ASC 740 requires the Company to recognize the effect of tax law changes in the period of enactment. However, the SEC staff issued SAB 118 which will allow the Company to record provisional amounts during a measurement period similarly to the measurement period used when accounting for business combinations. The Company will continue to assess the impact of the recently enacted tax law on its business and consolidated financial statements.

Provisional Amounts

Deferred Tax Assets and Liabilities

The Company remeasured certain deferred tax assets and liabilities based on the rates at which they are expected to reverse in the future, which is generally 21%. As a result of the reduction in the corporate income tax rate, the Company is required to revalue its net deferred tax assets and liabilities to account for the future impact of lower corporate tax rates on this deferred amount and record any change in the value of such asset or liability as a one-time non-cash charge or benefit on its income statement. However, the Company is still analyzing certain aspects of the Tax Act and refining its calculations, which could potentially affect the measurement of these balances or potentially give rise to new deferred tax amounts. The provisional amount recorded related to the remeasurement of our deferred tax balance was $20.2 million.

U.S. Tax on Foreign Earnings

The one-time transition tax is based on total post-1986 earnings and profits that the Company previously deferred from U.S. income taxes. The Company has not made sufficient progress on the earnings and profits analysis for its foreign subsidiaries to reasonably estimate the effects of the one-time transition tax and, therefore, has not recorded provisional amounts. The Company continues to apply ASC 740 based on the provisions of the tax laws in effect immediately prior to the Tax Act being enacted.

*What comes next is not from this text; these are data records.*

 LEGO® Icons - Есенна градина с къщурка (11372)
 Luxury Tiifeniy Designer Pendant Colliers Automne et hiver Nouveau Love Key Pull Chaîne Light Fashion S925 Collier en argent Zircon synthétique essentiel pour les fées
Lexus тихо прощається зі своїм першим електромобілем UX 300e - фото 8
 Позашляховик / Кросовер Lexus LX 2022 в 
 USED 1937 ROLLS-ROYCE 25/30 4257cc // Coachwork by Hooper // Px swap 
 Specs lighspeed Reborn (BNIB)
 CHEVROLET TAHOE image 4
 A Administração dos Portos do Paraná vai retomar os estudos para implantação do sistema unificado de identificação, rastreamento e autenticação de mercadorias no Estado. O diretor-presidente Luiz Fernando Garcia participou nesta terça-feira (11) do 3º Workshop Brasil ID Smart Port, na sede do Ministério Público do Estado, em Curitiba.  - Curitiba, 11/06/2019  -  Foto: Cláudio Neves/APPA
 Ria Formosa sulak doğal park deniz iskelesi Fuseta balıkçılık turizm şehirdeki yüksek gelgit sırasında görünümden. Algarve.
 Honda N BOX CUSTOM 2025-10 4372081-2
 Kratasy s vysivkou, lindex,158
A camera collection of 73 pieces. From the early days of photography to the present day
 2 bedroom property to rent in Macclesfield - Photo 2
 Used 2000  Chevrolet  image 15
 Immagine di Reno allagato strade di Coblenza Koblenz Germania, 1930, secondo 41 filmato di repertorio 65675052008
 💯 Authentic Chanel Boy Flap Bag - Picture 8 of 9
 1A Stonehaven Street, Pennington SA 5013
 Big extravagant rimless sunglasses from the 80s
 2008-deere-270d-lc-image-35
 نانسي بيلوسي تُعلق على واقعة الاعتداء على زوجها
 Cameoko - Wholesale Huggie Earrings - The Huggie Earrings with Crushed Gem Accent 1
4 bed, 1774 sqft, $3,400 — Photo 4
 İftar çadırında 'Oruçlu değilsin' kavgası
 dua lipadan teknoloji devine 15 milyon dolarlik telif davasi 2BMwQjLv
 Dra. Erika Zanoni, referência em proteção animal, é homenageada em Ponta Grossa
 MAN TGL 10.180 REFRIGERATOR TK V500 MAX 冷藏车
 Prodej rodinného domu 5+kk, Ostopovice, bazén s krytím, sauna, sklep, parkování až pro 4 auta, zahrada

Since the Company had previously determined these amounts were indefinitely reinvested, no deferred taxes have been recorded at December 31, 2017.

The Company’s accounting for Global Intangible Low-Taxed Income, Foreign-Derived Intangible Income, the Base Erosion and Anti-Abuse Tax and any remaining impacts of the foreign income provisions of the Tax Act is incomplete. The Company has not yet been able to make reasonable estimates of the effects of these items. Therefore, no provisional amounts have been recorded as of December 31, 2017.